Even Google Fiber seems to have given up.
But then you look at places where internet is managed by the government like Fort Collins and you have extremely fast, extremely cheap community internet. But then again, that's a pretty small homogenous rural community.
I'm not too familiar with the ins and outs of utility distribution just sporadic data points so I can't hope to get close to the truth about this.
It does seem like if you have the government and industry working together on something, it's the worst of all worlds rather than just one or the other.
If the municipality provides the fibre to each house to a local data centre, then private companies can rent space in the data centre to provide services.
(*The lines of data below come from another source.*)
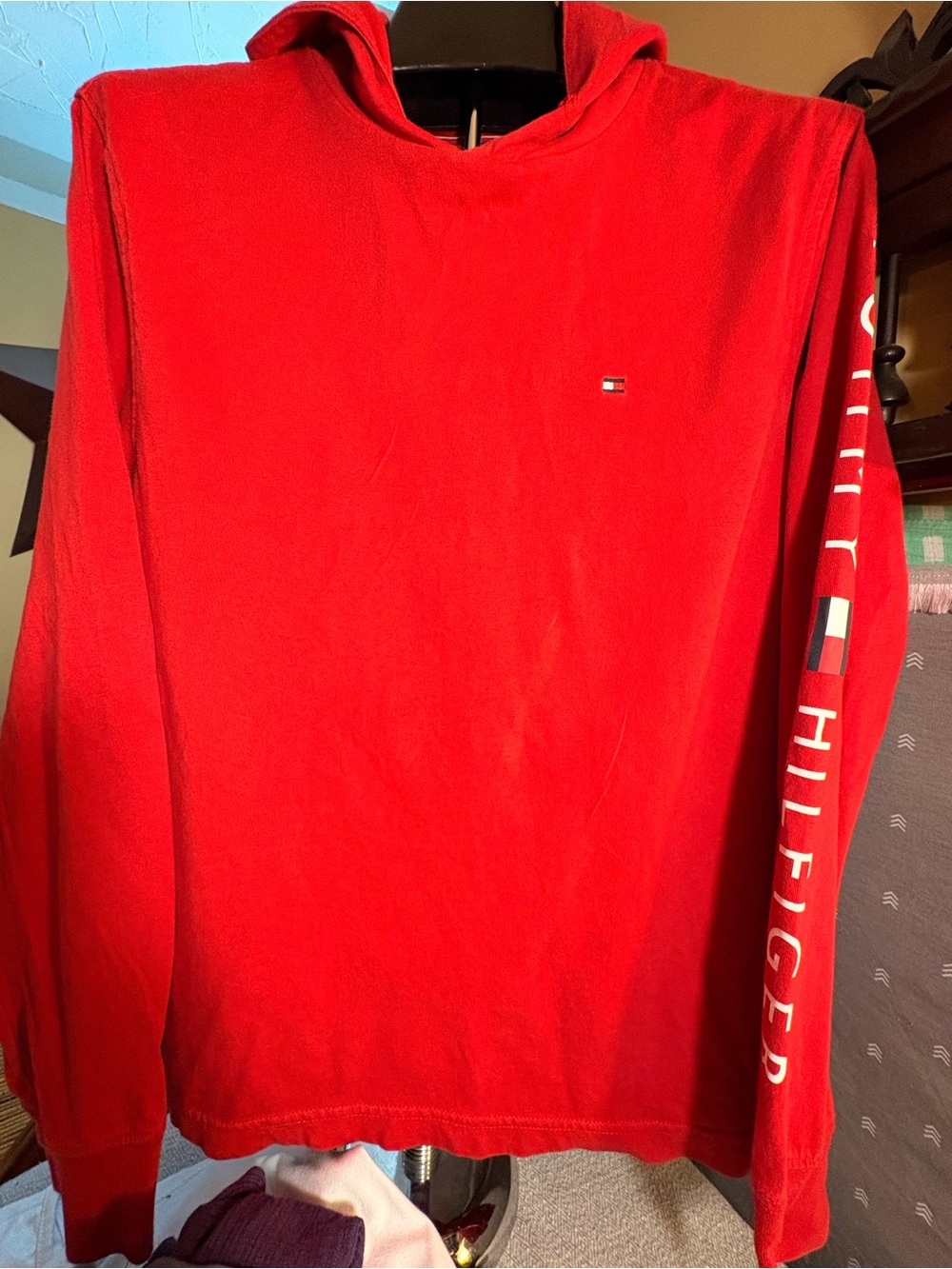 Tommy Hilfiger Red Hooded Long Sleeve Tee with Sleeve Branding. Womens small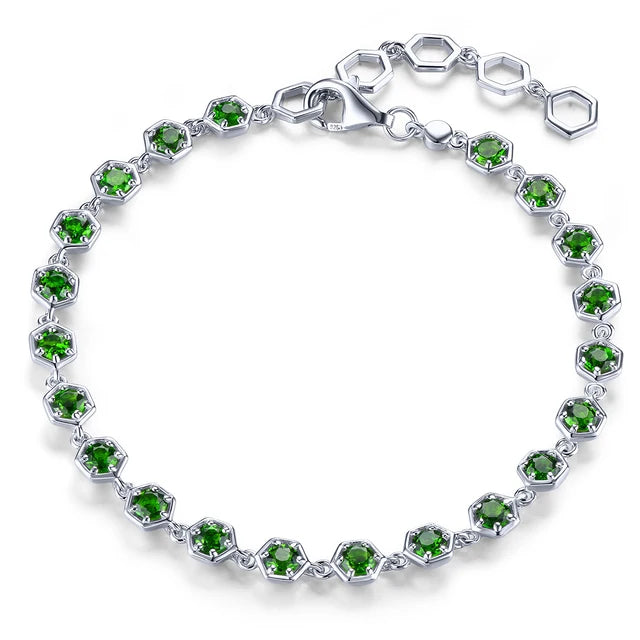 Elegantes Silberarmband mit natürlichem rotem Granatstein - 3,2 Karat - Januar-Geburtsstein - Klassischer und romantischer Damenschmuck aus 925er Silber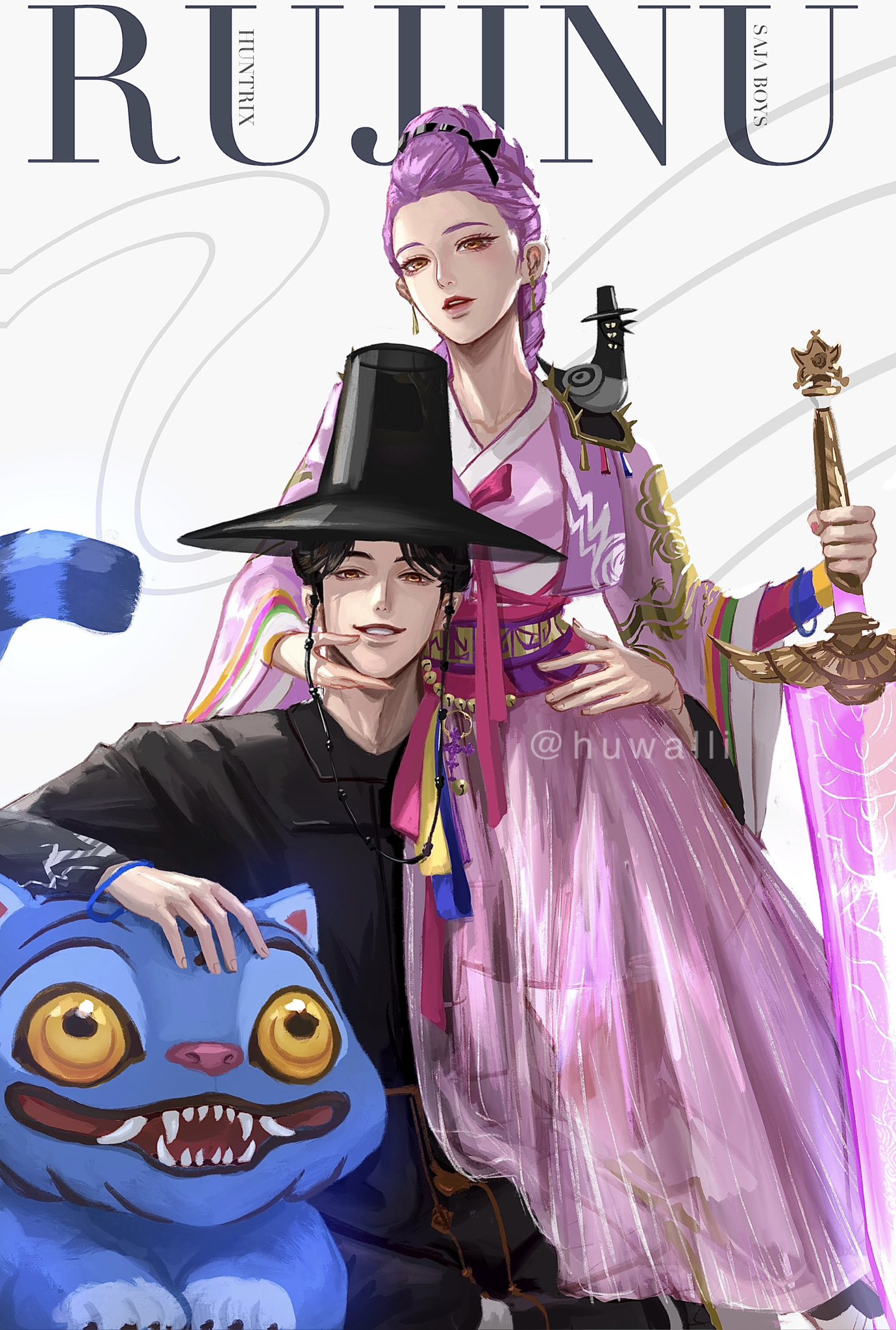 huwalli, derpy (kpop demon hunters), jinu (kpop demon hunters), rumi (kpop demon hunters), sussie (kpop demon hunters), kpop demon hunters, commentary, hashtag-only commentary, highres, symbol-only commentary, 1boy, 1girl, animal, animal on shoulder, bird, bird on shoulder, black hair, braid, braided ponytail, earrings, gat (hat), hanbok, hat, holding, holding sword, holding weapon, jewelry, korean clothes, looking at viewer, planted, planted sword, planted weapon, purple hair, smile, sword, tiger, twitter username, weapon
You still get a choice between ISPs (some may want a proper internet provision, perhaps with BGP handling and no contention on the uplink, others may be happy with a company that provides a wifi access point that also irradiates a public SSID. Presumably the former will cost more, but that's fine)
Basically the local road (the fibre) is paid for by the local city and run on behalf of the residents, the local road transports people (packets) to the airport (municipal data centre), where the ISPs pay landing fees to take people where they need to go at different rates for different services, with competition between ISPs, and pretty easy entry costs, ensuring high standards, low prices, and plenty of choice.
It does seem like if you have the government and industry working together on something, it's the worst of all worlds rather than just one or the other.